September 12, 2014
By Bob Coleman
Editor, Coleman Report
“Don Langford, former TierOne senior executive and chief credit officer, conspired with others to hide losses at the bank by cooking the bank’s books and reporting falsified information to stakeholders, regulators, external auditors, and the investing public,” says SIGTARP. “Langford and others engaged in fraud in order to keep regulators at bay and from closing the bank, to maintain and increase the bank’s stock price, and to enrich themselves. The bank even made an unsuccessful attempt to get taxpayer TARP funds in November 2008. SIGTARP and our law enforcement officers will bring to justice perpetrators of fraud related to TARP and hold them accountable for their crimes.”

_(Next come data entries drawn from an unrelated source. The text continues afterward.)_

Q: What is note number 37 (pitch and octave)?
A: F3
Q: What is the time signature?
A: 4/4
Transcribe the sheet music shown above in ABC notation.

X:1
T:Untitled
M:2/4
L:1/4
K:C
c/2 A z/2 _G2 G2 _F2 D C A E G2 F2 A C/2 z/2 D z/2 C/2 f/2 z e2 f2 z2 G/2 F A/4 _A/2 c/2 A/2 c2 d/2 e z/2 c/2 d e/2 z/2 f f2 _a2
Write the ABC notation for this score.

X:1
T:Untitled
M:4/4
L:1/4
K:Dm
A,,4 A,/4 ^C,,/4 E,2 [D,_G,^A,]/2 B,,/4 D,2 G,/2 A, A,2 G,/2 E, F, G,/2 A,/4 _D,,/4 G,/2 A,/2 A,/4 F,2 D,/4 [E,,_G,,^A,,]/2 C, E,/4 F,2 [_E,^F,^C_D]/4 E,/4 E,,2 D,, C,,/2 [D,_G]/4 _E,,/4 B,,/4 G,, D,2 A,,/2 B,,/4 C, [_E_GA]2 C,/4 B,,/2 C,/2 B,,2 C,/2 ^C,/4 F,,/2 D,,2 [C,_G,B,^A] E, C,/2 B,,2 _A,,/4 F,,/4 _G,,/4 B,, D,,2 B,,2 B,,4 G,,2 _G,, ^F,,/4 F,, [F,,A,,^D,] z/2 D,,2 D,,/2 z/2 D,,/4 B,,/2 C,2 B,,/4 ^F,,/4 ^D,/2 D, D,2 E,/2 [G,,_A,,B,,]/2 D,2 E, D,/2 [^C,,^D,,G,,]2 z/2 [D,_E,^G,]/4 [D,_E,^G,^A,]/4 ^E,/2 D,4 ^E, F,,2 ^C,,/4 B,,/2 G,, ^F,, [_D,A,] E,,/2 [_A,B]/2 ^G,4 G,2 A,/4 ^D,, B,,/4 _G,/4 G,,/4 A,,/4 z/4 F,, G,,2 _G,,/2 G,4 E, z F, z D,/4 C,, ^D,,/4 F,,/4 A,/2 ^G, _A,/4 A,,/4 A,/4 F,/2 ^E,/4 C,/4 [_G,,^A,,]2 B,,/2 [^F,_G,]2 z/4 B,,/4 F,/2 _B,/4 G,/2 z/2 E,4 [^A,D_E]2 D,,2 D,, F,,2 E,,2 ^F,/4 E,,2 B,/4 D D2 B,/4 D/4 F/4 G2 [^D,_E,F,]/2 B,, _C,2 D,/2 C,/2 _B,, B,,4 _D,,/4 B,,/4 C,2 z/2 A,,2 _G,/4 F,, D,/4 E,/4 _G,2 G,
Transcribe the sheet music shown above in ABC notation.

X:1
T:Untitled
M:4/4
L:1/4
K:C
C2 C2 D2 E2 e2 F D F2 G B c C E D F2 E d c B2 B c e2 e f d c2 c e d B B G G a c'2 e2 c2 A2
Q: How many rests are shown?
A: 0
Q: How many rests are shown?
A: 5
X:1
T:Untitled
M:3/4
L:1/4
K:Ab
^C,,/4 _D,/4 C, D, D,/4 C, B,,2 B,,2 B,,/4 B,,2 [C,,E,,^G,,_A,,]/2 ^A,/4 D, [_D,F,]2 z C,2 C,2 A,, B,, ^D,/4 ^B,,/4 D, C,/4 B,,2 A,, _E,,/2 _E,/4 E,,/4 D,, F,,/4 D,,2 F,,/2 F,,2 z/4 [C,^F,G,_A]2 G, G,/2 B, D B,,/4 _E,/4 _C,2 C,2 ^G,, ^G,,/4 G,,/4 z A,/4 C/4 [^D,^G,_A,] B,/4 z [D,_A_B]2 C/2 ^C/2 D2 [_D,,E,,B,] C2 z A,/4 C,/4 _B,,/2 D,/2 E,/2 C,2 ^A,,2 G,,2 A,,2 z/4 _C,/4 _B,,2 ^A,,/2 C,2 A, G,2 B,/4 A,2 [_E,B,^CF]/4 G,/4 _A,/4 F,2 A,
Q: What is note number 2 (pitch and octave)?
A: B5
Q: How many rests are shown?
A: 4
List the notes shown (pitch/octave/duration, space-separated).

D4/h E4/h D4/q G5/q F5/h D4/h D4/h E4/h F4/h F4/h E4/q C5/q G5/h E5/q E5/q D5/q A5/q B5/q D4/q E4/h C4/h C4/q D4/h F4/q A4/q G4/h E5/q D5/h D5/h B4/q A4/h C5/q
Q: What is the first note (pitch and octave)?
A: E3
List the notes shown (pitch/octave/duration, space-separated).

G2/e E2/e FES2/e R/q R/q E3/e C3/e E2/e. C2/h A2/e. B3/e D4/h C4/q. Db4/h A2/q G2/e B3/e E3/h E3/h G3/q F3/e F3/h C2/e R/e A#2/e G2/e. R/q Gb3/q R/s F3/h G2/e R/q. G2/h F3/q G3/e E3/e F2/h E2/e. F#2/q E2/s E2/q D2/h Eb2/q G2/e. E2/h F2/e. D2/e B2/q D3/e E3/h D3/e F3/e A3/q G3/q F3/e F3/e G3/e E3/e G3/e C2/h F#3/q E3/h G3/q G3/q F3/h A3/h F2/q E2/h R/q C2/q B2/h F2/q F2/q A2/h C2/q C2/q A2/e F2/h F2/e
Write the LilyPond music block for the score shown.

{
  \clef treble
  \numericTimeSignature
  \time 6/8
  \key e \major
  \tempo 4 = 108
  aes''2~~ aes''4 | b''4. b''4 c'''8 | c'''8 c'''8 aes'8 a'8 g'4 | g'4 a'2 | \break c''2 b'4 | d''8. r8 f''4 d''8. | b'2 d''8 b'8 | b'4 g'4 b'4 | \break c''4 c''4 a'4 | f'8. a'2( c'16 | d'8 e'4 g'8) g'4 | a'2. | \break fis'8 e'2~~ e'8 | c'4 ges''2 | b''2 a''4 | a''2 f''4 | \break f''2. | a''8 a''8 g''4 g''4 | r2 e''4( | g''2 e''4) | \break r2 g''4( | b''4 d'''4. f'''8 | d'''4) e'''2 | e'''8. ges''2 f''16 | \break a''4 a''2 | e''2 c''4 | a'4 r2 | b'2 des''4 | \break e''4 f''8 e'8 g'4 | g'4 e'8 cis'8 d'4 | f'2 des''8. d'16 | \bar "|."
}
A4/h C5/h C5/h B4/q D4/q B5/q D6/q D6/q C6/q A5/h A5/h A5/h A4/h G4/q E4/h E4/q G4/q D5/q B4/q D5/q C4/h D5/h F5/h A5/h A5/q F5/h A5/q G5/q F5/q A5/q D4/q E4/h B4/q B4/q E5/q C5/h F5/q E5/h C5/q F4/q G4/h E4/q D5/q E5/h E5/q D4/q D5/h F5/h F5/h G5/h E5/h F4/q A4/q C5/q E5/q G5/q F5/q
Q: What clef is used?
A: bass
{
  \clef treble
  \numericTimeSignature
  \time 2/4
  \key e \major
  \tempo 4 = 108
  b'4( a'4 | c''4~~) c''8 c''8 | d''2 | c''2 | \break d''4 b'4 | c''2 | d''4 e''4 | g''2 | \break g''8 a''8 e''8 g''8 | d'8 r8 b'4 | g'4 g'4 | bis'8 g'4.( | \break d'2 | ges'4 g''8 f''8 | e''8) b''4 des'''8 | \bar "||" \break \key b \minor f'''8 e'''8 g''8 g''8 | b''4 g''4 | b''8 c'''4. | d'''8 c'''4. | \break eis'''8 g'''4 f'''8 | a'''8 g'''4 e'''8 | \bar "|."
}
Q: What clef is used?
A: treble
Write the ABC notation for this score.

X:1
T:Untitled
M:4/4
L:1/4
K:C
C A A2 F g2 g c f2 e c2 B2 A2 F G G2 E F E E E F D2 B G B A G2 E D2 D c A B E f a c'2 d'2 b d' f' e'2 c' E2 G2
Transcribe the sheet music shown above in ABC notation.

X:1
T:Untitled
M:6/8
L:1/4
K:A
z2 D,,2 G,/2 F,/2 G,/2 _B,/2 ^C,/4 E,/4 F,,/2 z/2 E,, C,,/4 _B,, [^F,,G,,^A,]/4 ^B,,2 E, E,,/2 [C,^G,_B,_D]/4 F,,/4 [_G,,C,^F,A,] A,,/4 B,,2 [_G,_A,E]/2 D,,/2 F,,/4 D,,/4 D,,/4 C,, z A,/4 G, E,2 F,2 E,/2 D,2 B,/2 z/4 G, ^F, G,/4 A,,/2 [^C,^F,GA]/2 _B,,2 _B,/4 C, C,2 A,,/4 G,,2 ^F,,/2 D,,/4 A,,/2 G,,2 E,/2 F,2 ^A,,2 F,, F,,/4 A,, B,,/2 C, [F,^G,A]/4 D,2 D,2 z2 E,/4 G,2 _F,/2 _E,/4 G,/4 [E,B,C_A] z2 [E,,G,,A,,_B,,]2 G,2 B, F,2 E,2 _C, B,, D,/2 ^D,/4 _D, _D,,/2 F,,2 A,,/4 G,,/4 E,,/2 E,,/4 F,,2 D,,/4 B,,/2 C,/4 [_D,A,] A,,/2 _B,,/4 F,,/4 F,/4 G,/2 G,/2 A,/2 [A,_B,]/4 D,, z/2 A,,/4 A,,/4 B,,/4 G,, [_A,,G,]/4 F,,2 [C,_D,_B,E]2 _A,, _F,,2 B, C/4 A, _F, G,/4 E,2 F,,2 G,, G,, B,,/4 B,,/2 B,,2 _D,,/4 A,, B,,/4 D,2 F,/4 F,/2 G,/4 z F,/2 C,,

Don A. Langford, a former senior vice president and chief credit officer of TARP applicant TierOne Bank, headquartered in Lincoln, Neb., pleaded guilty on Sept. 9, 2014, for his role in a scheme to defraud
TierOne’s shareholders and regulators.
He pleaded guilty to conspiring to commit securities fraud, wire fraud, and making false entries in a bank’s books and records, as well as one count of making false statements.
According to his plea agreement, in 2009 and 2010, Langford and others falsely inflated the value of TierOne’s loan and real estate portfolio in its required reports to the SEC and the Office of Thrift Supervision.
In January 2009, TierOne had executed a supervisory agreement with OTS that required TierOne to report information about its performance and financial condition and to maintain a minimum capital position in relation to its loan portfolio and other assets. Langford and others intentionally used outdated appraisals on properties and rejected new appraisals that would have adversely impacted
TierOne’s reportable assets, revenue, and earnings. In addition, Langford and others delayed seeking new appraisals to conceal the current value of collateral and restructured loan terms to disguise borrowers’ inability to make timely interest and principal payments. As a result, Langford and others were able to hide millions of dollars in losses from regulators and investors.
In 2008, TierOne submitted an application to the OTS seeking Troubled Asset Relief Program (TARP) funding. Ultimately, TierOne withdrew its application and did not receive TARP funds. TierOne filed for bankruptcy shortly after the bank was shut down by OTS in June 2010.
Langford will be sentenced in December.